_Supplied records_.

^^^^^^^^

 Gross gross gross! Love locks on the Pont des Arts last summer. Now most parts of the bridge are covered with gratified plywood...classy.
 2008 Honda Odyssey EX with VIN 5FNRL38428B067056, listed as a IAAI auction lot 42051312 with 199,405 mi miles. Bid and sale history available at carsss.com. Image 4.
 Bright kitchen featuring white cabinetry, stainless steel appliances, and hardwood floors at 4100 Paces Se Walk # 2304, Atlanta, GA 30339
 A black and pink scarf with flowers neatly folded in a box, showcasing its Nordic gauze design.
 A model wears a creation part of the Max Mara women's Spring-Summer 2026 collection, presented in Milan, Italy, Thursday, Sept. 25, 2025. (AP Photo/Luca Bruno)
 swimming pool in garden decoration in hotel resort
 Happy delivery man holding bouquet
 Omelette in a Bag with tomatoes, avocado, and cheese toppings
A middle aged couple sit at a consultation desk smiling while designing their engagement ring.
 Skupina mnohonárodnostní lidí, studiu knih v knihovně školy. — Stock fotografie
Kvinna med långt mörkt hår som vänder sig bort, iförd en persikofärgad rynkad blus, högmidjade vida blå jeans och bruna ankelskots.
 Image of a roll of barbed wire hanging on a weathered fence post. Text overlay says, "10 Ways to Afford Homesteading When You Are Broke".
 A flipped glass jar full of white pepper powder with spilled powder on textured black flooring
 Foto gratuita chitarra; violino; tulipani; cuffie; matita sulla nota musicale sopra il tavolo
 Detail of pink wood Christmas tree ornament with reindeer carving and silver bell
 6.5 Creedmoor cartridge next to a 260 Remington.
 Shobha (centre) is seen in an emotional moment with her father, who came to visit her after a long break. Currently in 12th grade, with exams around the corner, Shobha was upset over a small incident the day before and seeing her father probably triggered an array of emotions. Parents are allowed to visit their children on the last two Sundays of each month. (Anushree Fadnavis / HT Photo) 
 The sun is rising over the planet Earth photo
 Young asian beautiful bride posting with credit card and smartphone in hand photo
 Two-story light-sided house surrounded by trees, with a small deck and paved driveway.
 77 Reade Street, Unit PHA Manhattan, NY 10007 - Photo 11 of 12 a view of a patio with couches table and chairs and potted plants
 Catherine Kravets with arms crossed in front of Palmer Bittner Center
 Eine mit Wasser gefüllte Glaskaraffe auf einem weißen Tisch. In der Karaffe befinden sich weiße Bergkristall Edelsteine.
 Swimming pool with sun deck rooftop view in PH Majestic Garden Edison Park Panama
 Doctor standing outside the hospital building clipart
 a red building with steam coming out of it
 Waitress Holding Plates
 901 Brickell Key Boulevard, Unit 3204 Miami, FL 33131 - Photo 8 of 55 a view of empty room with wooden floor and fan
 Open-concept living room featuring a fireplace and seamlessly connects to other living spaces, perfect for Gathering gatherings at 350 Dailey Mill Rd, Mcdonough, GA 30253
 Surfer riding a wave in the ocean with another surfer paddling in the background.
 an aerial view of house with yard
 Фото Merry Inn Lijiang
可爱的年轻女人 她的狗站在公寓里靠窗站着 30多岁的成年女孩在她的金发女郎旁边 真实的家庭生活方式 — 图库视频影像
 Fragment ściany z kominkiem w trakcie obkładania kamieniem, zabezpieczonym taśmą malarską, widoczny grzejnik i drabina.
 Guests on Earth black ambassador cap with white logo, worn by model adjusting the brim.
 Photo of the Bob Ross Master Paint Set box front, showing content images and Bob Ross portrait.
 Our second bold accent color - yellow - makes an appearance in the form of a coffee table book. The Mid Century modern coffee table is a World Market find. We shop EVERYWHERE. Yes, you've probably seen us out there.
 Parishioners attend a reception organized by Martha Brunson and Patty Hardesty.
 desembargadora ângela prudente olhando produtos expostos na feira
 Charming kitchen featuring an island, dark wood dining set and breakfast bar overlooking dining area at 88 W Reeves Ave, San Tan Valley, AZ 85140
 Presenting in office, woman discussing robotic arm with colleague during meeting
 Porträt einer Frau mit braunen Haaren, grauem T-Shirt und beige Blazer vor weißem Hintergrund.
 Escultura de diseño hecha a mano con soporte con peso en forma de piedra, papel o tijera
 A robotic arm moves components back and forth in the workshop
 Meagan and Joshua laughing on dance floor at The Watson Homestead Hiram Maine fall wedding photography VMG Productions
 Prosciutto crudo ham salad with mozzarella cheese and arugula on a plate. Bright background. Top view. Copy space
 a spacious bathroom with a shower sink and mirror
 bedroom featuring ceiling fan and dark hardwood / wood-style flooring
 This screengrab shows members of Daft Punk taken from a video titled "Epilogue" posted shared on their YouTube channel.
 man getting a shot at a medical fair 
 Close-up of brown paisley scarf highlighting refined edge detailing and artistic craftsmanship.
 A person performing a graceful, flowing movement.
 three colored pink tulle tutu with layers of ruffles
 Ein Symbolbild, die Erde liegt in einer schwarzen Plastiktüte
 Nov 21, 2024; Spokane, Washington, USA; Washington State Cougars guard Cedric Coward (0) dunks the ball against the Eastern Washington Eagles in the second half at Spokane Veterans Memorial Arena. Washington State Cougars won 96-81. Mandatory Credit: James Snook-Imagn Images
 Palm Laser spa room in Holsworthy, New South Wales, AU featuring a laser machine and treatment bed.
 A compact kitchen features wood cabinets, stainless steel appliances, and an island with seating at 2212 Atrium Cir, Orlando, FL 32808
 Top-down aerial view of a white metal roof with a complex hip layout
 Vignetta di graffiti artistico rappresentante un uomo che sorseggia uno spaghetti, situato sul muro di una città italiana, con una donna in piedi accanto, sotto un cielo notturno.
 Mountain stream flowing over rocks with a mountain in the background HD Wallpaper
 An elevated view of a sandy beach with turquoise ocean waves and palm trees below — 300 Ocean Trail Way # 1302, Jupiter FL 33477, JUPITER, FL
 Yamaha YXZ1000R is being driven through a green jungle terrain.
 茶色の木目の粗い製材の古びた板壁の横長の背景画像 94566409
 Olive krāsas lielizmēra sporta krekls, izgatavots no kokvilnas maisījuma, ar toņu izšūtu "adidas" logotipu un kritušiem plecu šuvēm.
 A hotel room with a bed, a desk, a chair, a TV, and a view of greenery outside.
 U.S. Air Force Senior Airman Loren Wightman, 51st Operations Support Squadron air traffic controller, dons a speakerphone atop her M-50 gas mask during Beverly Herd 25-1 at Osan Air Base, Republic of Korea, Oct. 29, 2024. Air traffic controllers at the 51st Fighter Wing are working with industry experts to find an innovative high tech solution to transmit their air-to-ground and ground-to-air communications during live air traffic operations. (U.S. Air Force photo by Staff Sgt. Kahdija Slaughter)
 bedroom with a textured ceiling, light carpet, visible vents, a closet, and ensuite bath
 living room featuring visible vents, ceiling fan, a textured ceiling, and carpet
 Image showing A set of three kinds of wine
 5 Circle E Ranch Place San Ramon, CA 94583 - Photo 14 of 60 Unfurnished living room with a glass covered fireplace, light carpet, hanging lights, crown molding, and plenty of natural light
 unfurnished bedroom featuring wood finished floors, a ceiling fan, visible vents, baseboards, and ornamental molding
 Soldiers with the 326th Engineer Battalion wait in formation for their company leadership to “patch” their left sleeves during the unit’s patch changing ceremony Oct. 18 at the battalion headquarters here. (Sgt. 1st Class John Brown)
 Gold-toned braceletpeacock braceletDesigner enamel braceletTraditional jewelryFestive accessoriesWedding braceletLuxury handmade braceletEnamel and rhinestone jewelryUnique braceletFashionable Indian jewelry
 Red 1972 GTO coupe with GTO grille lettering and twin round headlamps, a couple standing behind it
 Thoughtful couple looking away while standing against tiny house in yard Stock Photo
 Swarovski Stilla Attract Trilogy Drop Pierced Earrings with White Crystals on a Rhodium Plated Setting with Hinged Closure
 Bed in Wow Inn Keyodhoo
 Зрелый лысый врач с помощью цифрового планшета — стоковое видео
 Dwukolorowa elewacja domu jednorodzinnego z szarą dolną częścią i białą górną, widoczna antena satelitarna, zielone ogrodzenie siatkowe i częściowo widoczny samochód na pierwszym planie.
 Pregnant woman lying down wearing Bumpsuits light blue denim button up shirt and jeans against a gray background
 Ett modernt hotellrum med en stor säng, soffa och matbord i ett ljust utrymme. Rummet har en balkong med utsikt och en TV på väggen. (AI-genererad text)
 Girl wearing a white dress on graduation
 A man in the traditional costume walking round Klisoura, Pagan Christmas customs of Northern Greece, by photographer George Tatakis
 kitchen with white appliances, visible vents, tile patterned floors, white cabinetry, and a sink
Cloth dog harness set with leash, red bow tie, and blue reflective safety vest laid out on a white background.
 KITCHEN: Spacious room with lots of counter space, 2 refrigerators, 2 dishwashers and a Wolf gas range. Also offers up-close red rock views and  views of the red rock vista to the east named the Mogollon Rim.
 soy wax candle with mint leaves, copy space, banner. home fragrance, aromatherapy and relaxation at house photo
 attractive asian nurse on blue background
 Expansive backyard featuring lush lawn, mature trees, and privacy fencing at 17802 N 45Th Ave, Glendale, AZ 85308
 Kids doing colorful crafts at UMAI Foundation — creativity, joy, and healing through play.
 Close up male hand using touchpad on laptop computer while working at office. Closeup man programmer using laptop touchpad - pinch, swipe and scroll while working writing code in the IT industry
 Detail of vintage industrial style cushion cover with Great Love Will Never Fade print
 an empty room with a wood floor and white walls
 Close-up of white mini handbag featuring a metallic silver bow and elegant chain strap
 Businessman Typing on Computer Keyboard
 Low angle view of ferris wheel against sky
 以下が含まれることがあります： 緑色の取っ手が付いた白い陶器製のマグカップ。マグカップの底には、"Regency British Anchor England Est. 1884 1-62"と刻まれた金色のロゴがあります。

^^^^^^^^

_Problem details_.
Produce a word-for-word copy of everything above from the line holding "Cloth dog harness" down to the line holding "an empty room", with both of those lines kept.

_Task result_.
Cloth dog harness set with leash, red bow tie, and blue reflective safety vest laid out on a white background.
 KITCHEN: Spacious room with lots of counter space, 2 refrigerators, 2 dishwashers and a Wolf gas range. Also offers up-close red rock views and  views of the red rock vista to the east named the Mogollon Rim.
 soy wax candle with mint leaves, copy space, banner. home fragrance, aromatherapy and relaxation at house photo
 attractive asian nurse on blue background
 Expansive backyard featuring lush lawn, mature trees, and privacy fencing at 17802 N 45Th Ave, Glendale, AZ 85308
 Kids doing colorful crafts at UMAI Foundation — creativity, joy, and healing through play.
 Close up male hand using touchpad on laptop computer while working at office. Closeup man programmer using laptop touchpad - pinch, swipe and scroll while working writing code in the IT industry
 Detail of vintage industrial style cushion cover with Great Love Will Never Fade print
 an empty room with a wood floor and white walls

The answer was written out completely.